I am so happy. Yeah, I’ve got a current events paper I’ve got to write for MESA 201…but I can do that in like twenty minutes. Especially since the paper itself is not due, just the stuff that has to be peer critiqued. And really MESA 201 is like a flashback to high school, so it’s really not that hard.
As for Arabic homework…I’m trying hard not to think about it…was trying…dangit!
This is the main issue I had with this past week. Every time I thought I was free, some assignment or deadline that I’d forgotten would pop up and smack me across the head. Today, it was the Poli Sci 201 midterm (take home, open book). There was no other time except today (when it was due) that I could take it, so I ended up clocking out at work and doing it then. Freaking test probably cost me $30 to $40.
But this blog isn’t supposed to be about my frustrations with school, it’s supposed to be about my frustrations with writing. And other life stuff. So I’ll write about something else.
I’ve started to think about what I want to do after I get my bachelor’s degree(s?). Which is to say, I’m completely clueless at this point, but I’m trying to get a feel for my options. Yesterday there was an information session for the Masters of Public Policy program at BYU, and it looks interesting.
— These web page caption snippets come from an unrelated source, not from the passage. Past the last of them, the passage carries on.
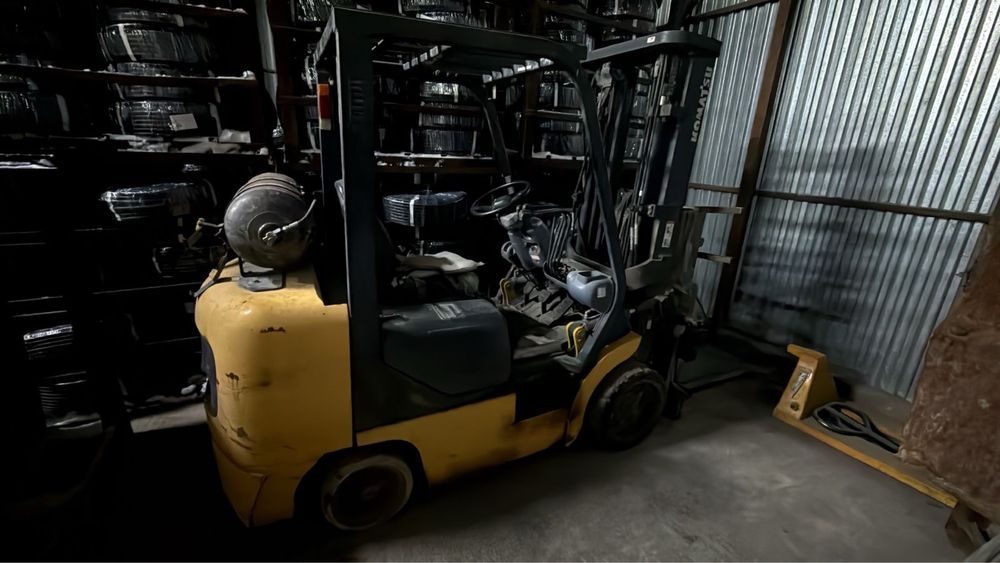 Вилочный погрузчик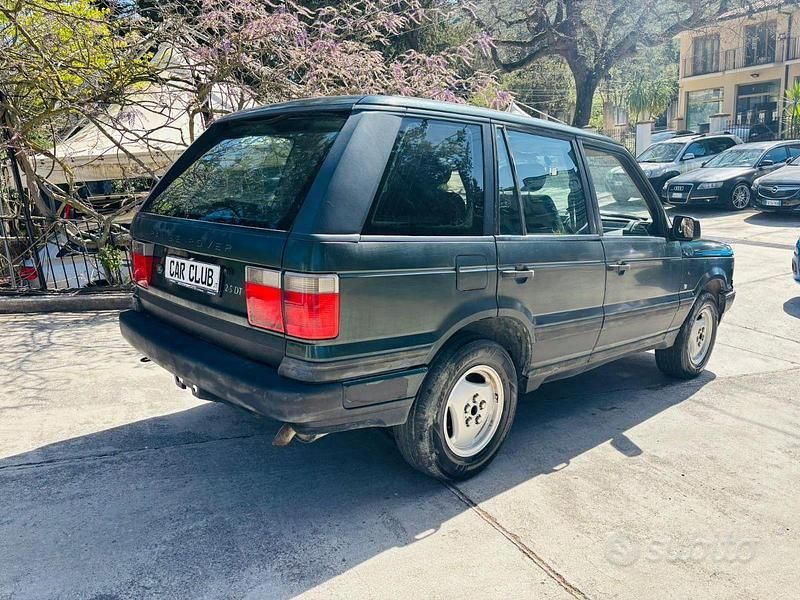 Usata Land Rover Range Rover 135 CV (99 kW) 1995 Verde SUV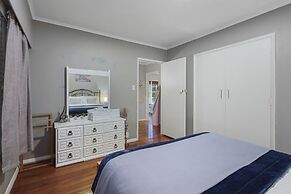 Kohi Family Home- Netflix & Gardens View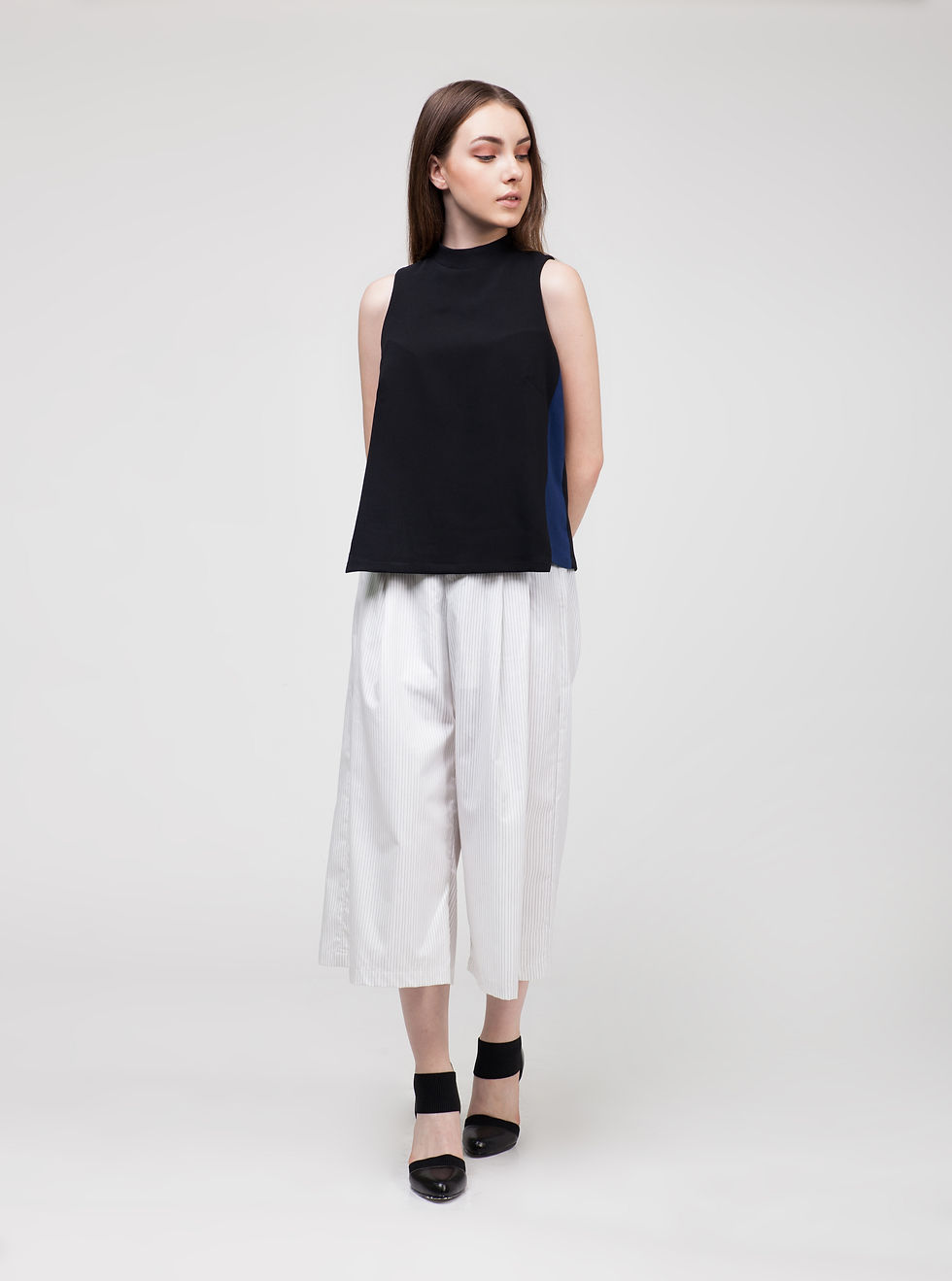 Thumbnail: Sleeveless Top with Side Panel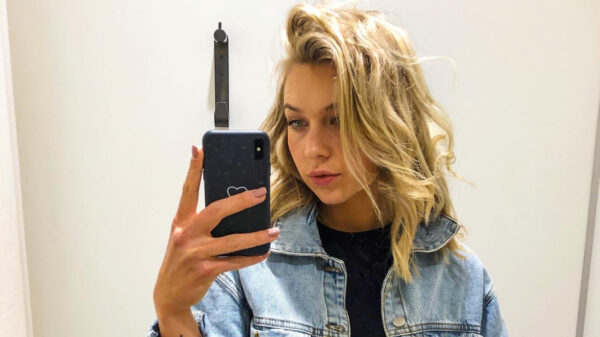 Schaatstalent Joy Beune geniet in bikini van haar welverdiende vakantie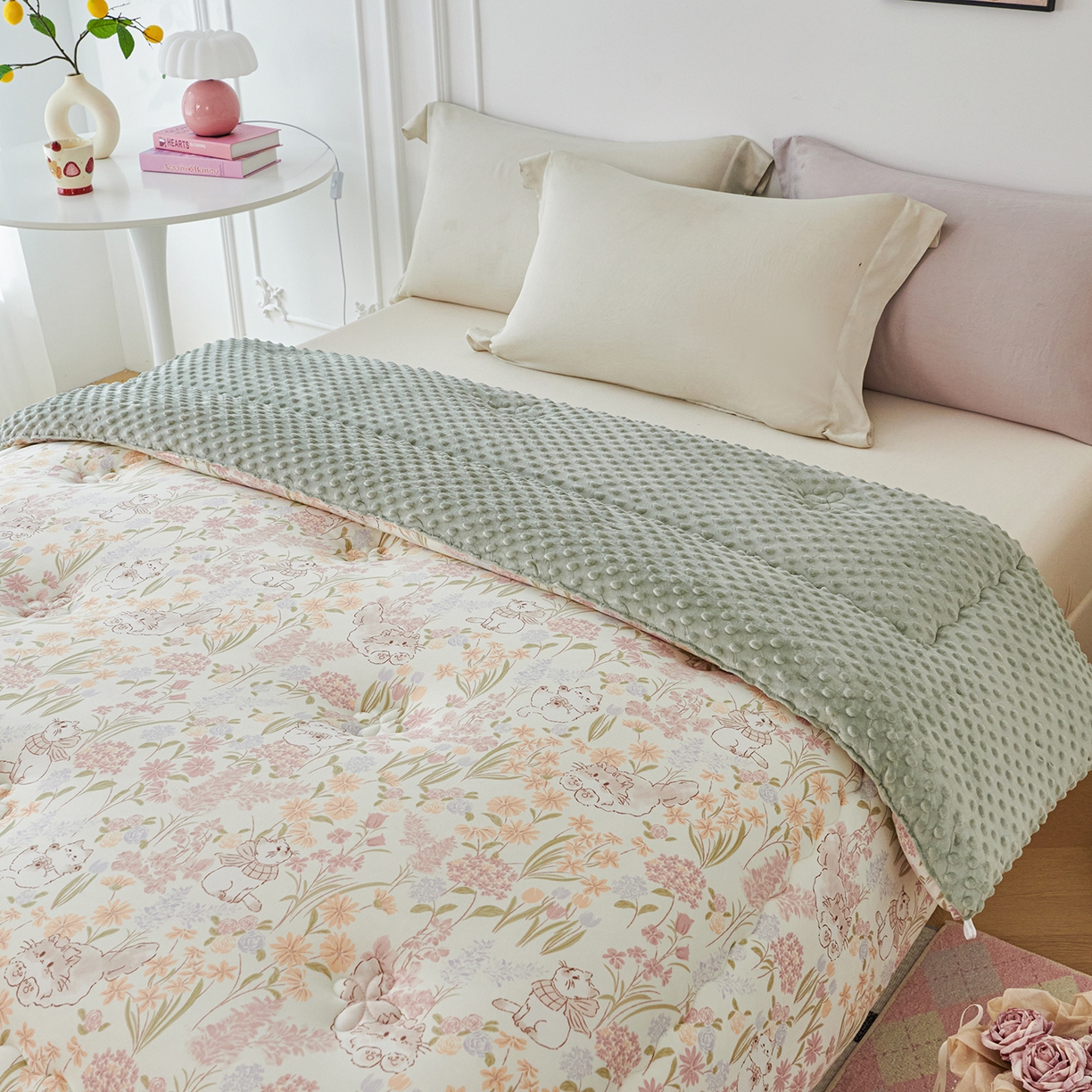 91家纺网 家纺一手货源 找家纺 缔锦家纺 2025新款小版卡通豆豆被被子被芯 乖乖喵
I would like to go to grad school, and it looks like this program would take me in a direction I’d be interested in following.
Basically, the program prepares you to work as a policy/research analyst, which seems like an interesting skill set I could take to a non-profit / NGO / lobby group / think tank, which is a career path (or set of paths) that I find intriguing. I’ll bet I could find some real satisfaction putting my mind to work for a social cause that I really believe in.
But is this really what I want to do with my life? Do I want to spend 90% of my time working behind a computer at a desk, crunching statistics? And what about Arabic? How would I be able to use that? These are questions that need answering.
As for writing, the plan at this point is to do it on the side if/until it becomes lucrative enough for me to support myself and my family. In other words, for the next five-ten-fifteen years / forever, I’m going to be a mild-mannered man in a conventional (at least partially) career by day, and a super-power world-saving writer by night. Writing, at this point, is a given, a constant–I know what I’m doing as far as my writing career. I just don’t know if/when I’m going to make it my primary, so I have to make other plans like grad school / career path / whatever.
I guess that’s one thing I find reassuring about all of this: writing leaves me a means of escape from being pegged down in a boring career for the rest of my life. And my pursuit of a career feeds my writing by giving me new and exciting ideas and perspectives to bring into my writing. I’m glad I’m not studying English.
And…that’s about it for tonight. Holy cow I’m tired!